[Opening Task inputs section]

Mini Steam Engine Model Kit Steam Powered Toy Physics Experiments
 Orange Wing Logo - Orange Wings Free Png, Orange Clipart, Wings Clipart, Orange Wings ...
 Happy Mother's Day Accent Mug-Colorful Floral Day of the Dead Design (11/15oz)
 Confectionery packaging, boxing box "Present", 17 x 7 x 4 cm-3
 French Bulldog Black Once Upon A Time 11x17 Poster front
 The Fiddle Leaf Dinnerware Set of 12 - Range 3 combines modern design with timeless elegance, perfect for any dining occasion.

[Closing Task inputs section]

__Exercise requirements__. Nothing in the data above should change. Please copy it all.

__Completed exercise__.
Mini Steam Engine Model Kit Steam Powered Toy Physics Experiments
 Orange Wing Logo - Orange Wings Free Png, Orange Clipart, Wings Clipart, Orange Wings ...
 Happy Mother's Day Accent Mug-Colorful Floral Day of the Dead Design (11/15oz)
 Confectionery packaging, boxing box "Present", 17 x 7 x 4 cm-3
 French Bulldog Black Once Upon A Time 11x17 Poster front
 The Fiddle Leaf Dinnerware Set of 12 - Range 3 combines modern design with timeless elegance, perfect for any dining occasion.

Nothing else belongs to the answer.